Task details:
Write out exactly the lines from the one containing "New Spring Women's" to the end of the material, both ends included, and nothing else. Leave pictures out.
---+---
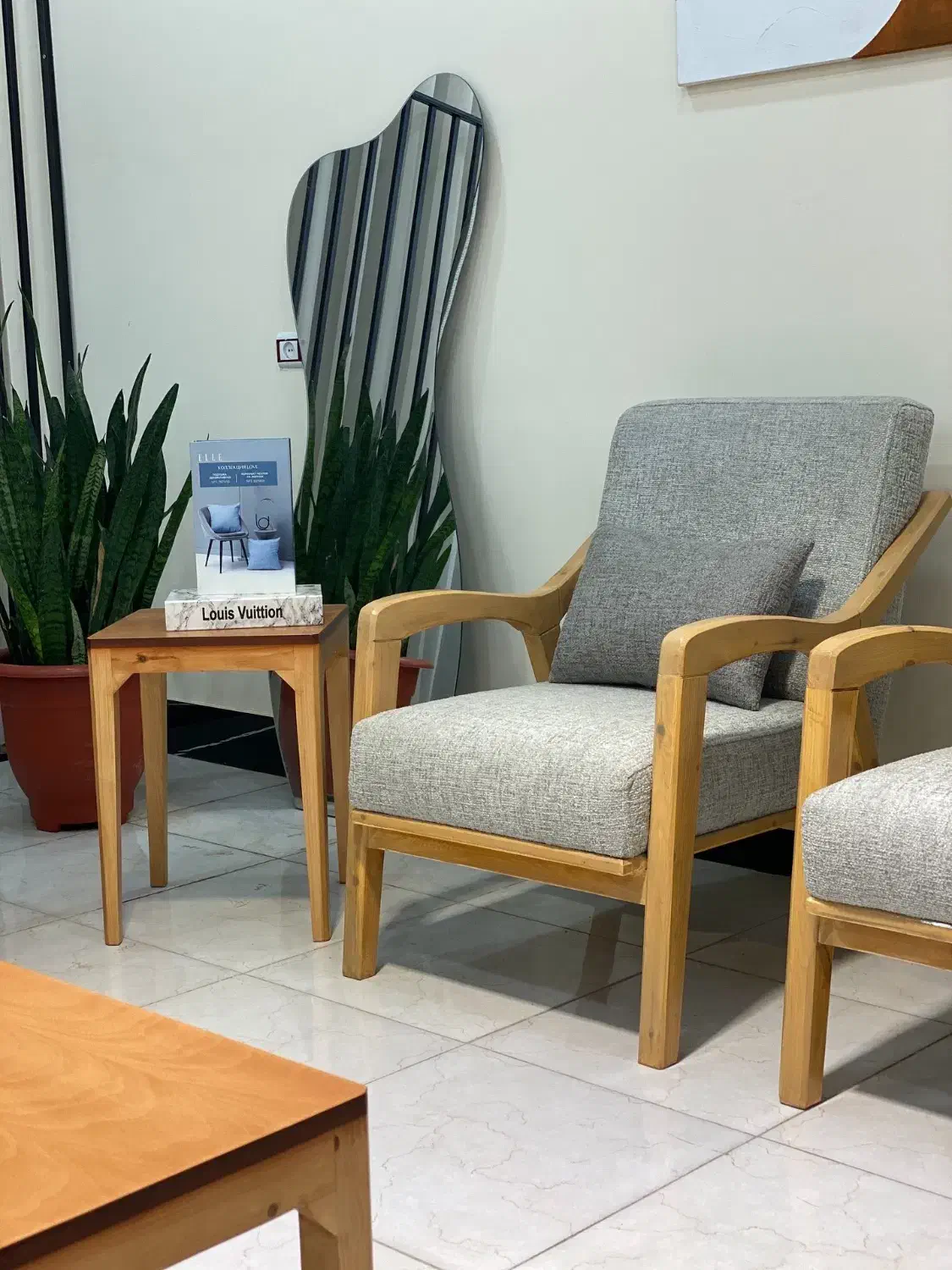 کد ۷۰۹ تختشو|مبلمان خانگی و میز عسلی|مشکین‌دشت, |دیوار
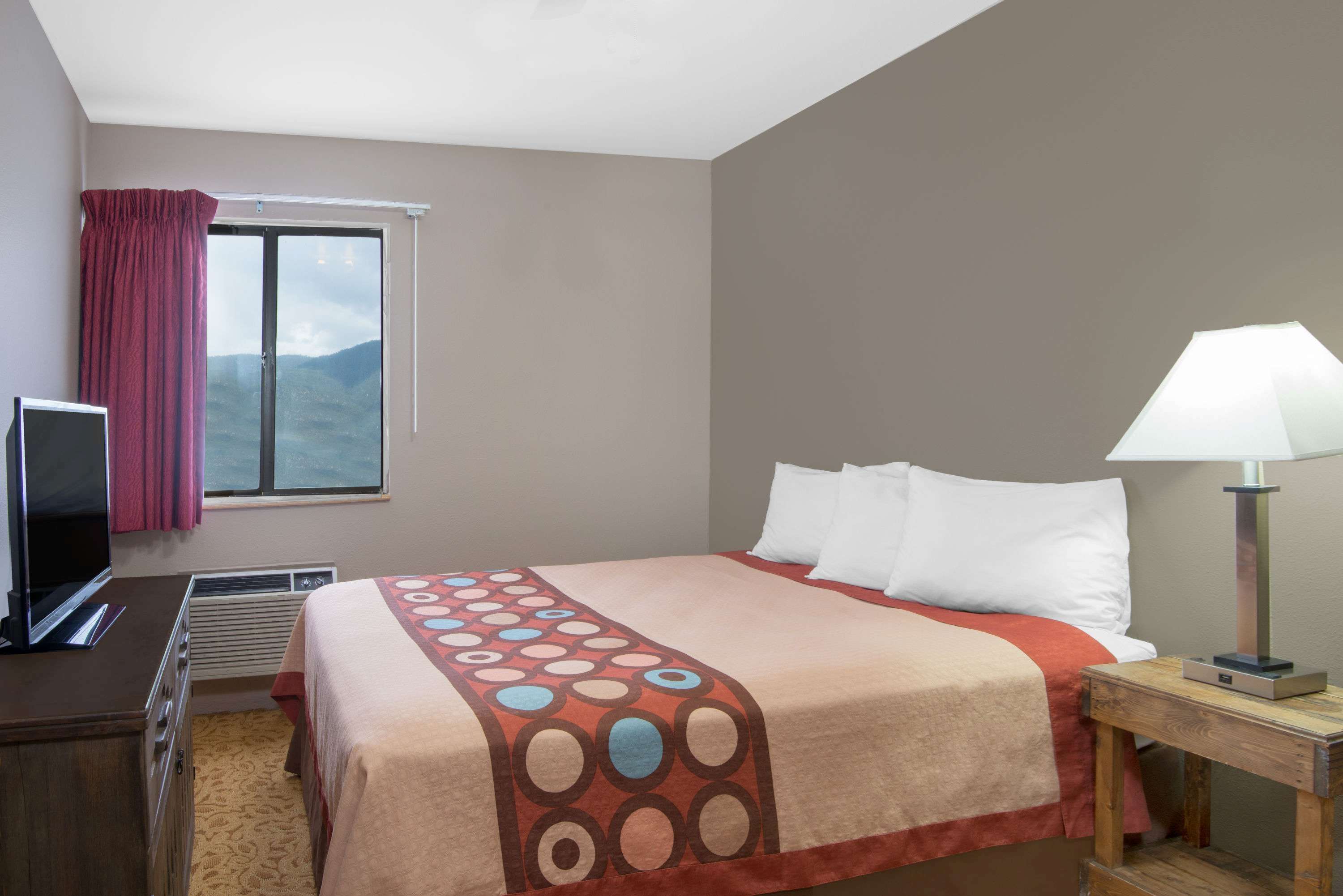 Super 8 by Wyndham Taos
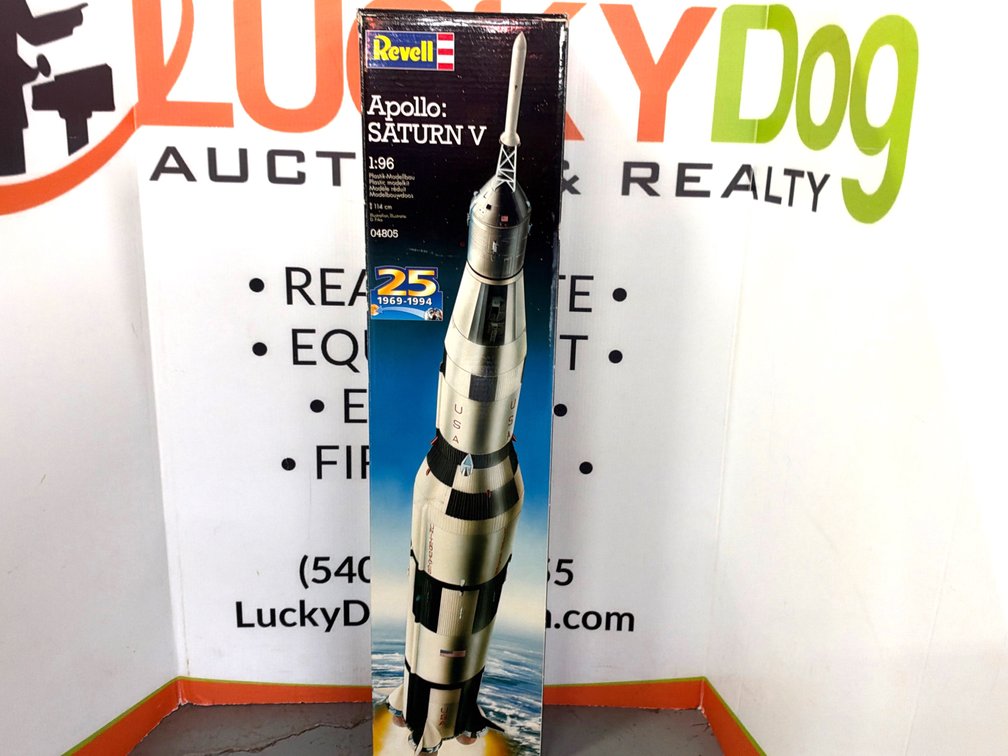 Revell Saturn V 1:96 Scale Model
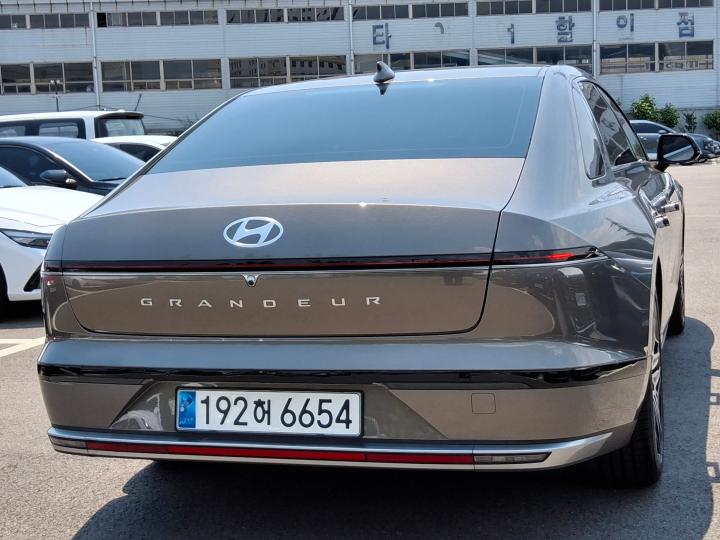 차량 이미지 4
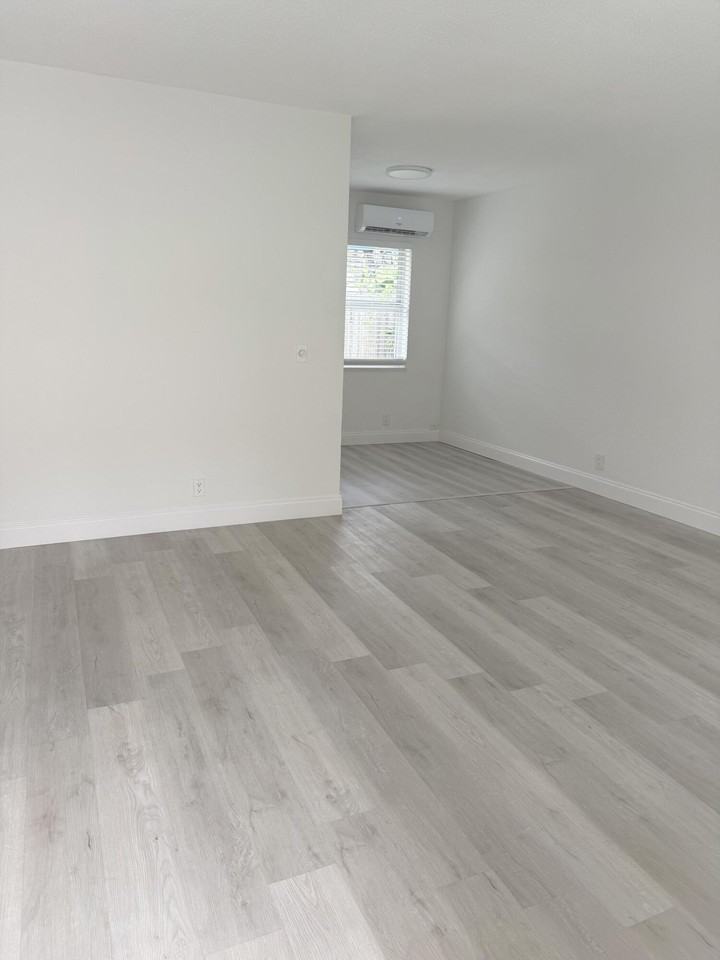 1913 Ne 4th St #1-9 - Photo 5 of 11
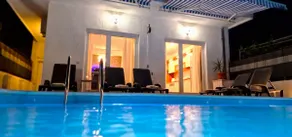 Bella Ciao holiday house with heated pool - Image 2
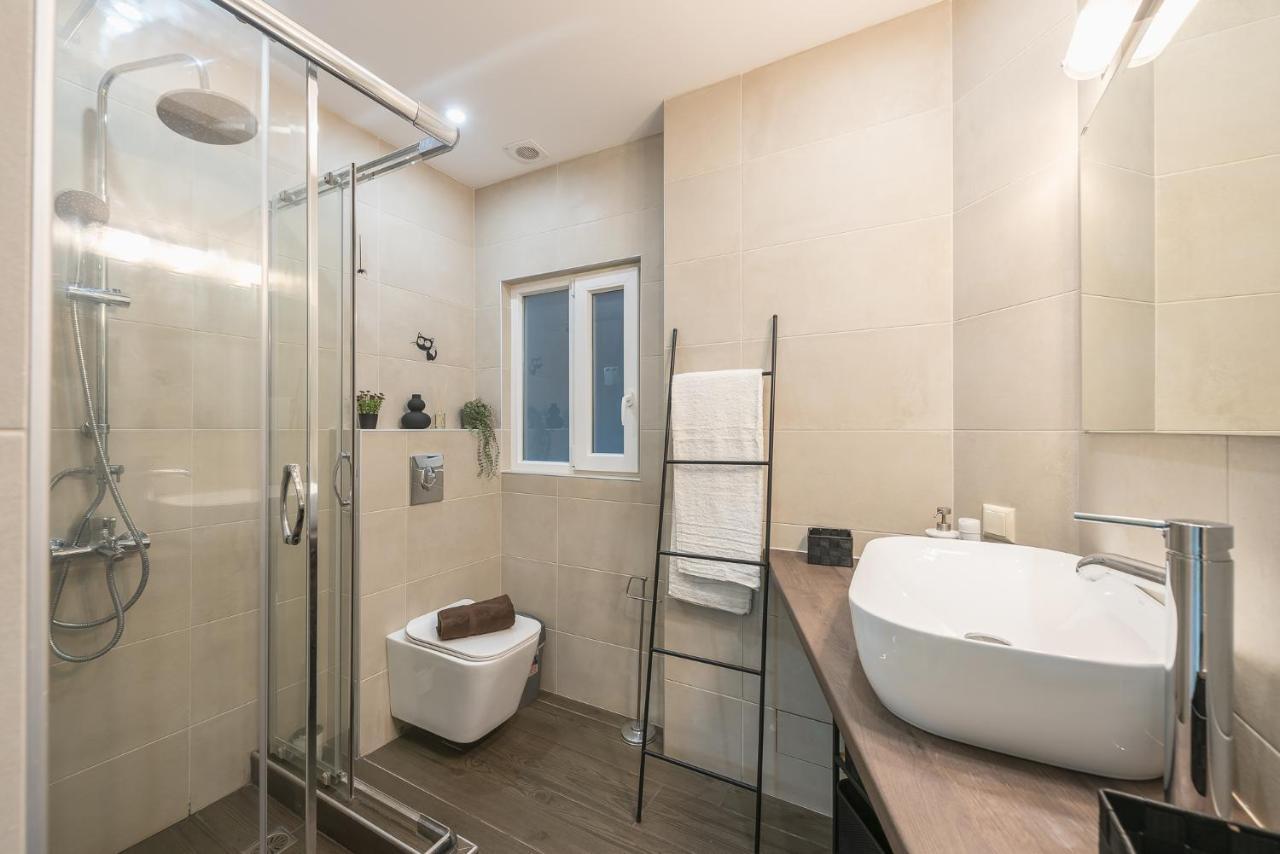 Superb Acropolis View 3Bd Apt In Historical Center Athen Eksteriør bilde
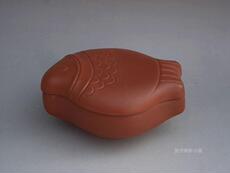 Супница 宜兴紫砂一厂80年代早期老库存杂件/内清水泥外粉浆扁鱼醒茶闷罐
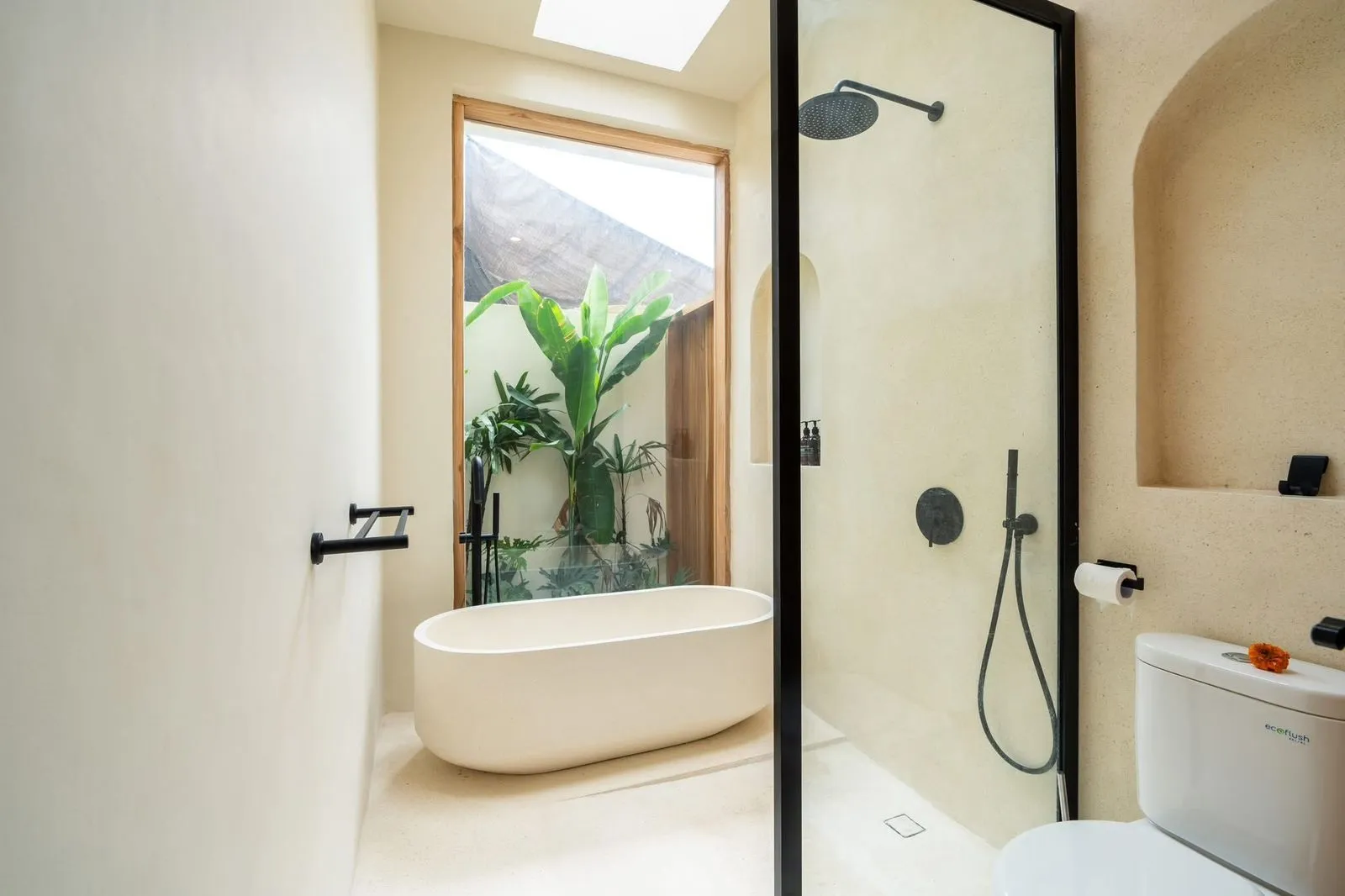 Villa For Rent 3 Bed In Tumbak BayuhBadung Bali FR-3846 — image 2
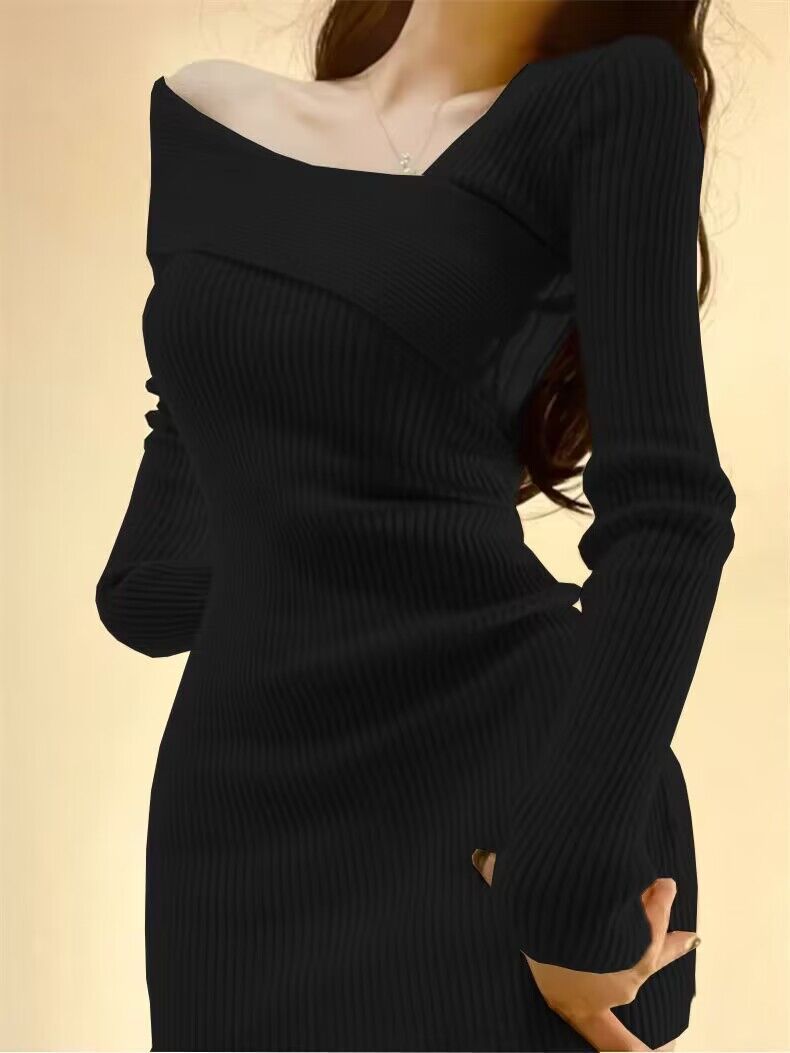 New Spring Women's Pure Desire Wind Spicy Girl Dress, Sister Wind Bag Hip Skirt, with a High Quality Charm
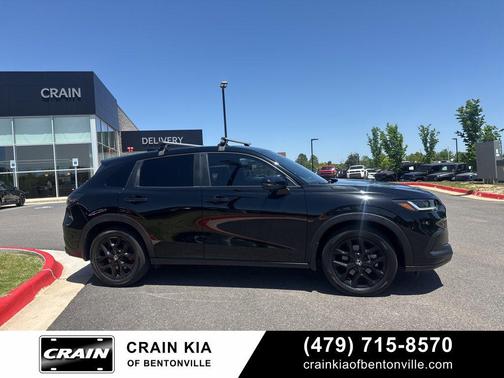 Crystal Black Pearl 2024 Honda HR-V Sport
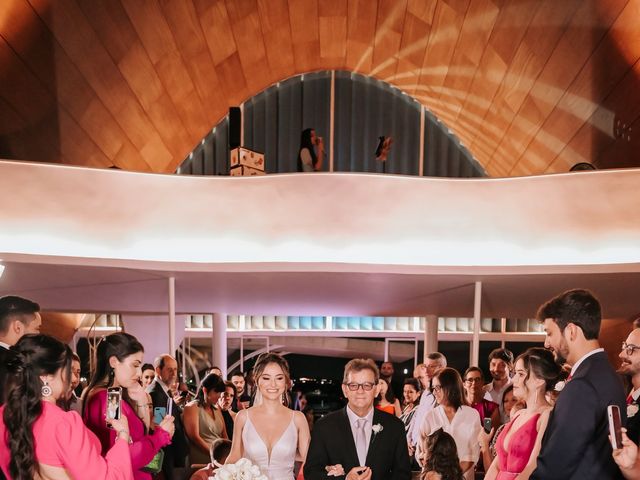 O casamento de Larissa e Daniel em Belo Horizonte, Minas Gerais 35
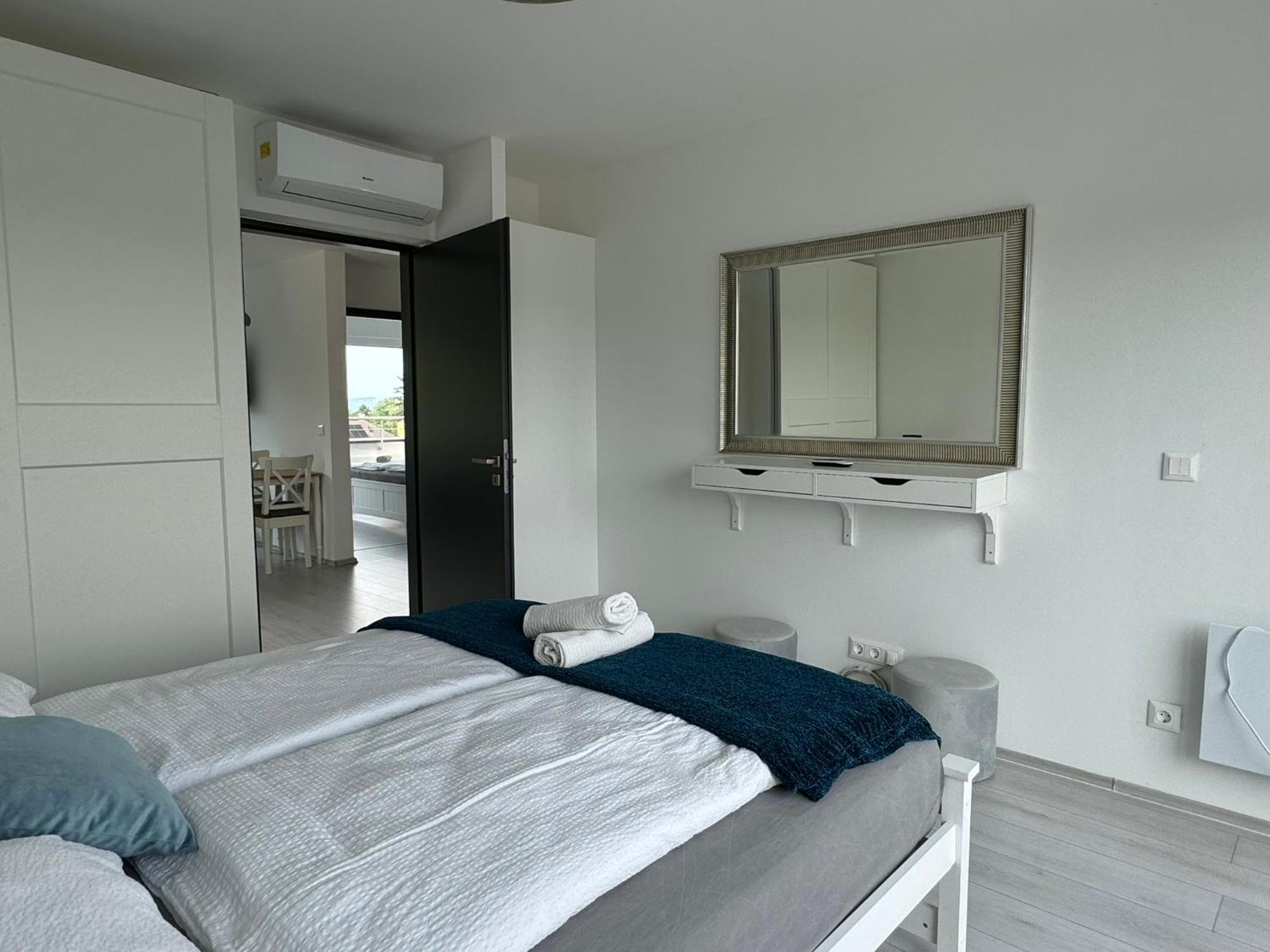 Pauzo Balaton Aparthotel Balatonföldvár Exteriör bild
---+---
Response to this exercise:
 New Spring Women's Pure Desire Wind Spicy Girl Dress, Sister Wind Bag Hip Skirt, with a High Quality Charm
 Crystal Black Pearl 2024 Honda HR-V Sport
 O casamento de Larissa e Daniel em Belo Horizonte, Minas Gerais 35
 Pauzo Balaton Aparthotel Balatonföldvár Exteriör bild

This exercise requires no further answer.